→ **WORK REQUIRED**
Only the lines below starting at the one that contains "VIKAMA Minimalistische Linienkunst" and ending at the one that contains "Par Argollas Matrimonio" are to be reproduced, exactly and with both ends kept.

----- EXCERPTED DATA

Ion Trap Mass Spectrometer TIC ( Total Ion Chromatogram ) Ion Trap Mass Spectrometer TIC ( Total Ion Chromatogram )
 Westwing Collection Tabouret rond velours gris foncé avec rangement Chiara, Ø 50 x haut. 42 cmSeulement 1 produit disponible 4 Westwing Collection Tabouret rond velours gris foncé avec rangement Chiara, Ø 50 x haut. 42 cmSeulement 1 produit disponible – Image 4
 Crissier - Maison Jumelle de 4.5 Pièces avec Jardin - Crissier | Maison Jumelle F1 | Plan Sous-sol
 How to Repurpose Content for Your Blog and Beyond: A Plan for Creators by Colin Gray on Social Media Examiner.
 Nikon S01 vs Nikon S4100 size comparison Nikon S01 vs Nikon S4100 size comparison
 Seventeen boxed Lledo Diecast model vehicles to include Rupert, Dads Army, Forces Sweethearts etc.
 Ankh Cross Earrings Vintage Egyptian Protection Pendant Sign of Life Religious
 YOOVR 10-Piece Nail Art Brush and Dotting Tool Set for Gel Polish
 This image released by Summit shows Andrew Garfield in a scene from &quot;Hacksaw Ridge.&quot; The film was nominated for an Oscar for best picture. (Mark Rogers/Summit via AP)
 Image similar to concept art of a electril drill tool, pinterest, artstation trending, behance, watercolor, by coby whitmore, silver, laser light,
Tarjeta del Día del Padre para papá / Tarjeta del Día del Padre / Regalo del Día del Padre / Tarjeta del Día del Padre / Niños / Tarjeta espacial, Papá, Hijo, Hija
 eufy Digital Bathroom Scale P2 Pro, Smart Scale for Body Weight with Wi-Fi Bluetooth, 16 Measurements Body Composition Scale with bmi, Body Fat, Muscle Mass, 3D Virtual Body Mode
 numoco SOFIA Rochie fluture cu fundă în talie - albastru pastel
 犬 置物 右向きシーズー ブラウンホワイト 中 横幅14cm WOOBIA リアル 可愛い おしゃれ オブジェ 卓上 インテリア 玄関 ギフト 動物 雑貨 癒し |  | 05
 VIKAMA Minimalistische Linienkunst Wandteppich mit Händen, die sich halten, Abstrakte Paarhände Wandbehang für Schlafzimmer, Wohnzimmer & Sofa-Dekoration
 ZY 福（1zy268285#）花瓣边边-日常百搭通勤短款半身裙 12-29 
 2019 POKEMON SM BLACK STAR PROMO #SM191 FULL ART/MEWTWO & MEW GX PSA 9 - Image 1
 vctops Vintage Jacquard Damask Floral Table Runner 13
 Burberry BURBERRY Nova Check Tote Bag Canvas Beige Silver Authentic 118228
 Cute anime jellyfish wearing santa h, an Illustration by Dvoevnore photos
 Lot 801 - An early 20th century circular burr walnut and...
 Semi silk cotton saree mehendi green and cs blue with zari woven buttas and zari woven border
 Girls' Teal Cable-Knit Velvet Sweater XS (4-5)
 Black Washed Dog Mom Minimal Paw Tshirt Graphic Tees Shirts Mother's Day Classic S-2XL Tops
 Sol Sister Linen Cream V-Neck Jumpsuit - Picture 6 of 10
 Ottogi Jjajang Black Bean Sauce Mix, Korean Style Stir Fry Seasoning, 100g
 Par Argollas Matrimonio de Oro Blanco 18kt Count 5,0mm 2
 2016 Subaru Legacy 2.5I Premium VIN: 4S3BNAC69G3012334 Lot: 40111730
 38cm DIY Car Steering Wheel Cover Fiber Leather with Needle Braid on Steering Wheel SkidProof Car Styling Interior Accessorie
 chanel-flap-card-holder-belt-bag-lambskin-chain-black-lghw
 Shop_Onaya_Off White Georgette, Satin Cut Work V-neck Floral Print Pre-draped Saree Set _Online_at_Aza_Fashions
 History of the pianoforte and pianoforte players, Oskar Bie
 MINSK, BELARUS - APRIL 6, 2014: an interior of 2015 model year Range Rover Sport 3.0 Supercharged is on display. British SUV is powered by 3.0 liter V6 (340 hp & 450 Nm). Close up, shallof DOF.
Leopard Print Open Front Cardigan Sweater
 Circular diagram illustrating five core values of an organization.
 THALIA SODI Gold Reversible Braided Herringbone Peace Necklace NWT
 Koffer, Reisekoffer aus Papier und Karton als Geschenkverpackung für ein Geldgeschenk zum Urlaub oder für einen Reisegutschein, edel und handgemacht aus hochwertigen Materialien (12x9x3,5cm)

----------

→ **RESULT FOR THIS TASK**
 VIKAMA Minimalistische Linienkunst Wandteppich mit Händen, die sich halten, Abstrakte Paarhände Wandbehang für Schlafzimmer, Wohnzimmer & Sofa-Dekoration
 ZY 福（1zy268285#）花瓣边边-日常百搭通勤短款半身裙 12-29 
 2019 POKEMON SM BLACK STAR PROMO #SM191 FULL ART/MEWTWO & MEW GX PSA 9 - Image 1
 vctops Vintage Jacquard Damask Floral Table Runner 13
 Burberry BURBERRY Nova Check Tote Bag Canvas Beige Silver Authentic 118228
 Cute anime jellyfish wearing santa h, an Illustration by Dvoevnore photos
 Lot 801 - An early 20th century circular burr walnut and...
 Semi silk cotton saree mehendi green and cs blue with zari woven buttas and zari woven border
 Girls' Teal Cable-Knit Velvet Sweater XS (4-5)
 Black Washed Dog Mom Minimal Paw Tshirt Graphic Tees Shirts Mother's Day Classic S-2XL Tops
 Sol Sister Linen Cream V-Neck Jumpsuit - Picture 6 of 10
 Ottogi Jjajang Black Bean Sauce Mix, Korean Style Stir Fry Seasoning, 100g
 Par Argollas Matrimonio de Oro Blanco 18kt Count 5,0mm 2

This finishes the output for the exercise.